── EXERCISE MATERIAL

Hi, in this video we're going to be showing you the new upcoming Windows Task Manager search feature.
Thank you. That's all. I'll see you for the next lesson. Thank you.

────
── EXERCISE MATERIAL

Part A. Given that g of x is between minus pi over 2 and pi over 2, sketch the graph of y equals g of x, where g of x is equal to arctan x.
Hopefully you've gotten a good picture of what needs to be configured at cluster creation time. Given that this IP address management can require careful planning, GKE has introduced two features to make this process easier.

────

WORK TO COMPLETE ▸
The answer must be a single number: the count of lines in the listing that hold the word "Given".

ANSWER SPACE ▸
2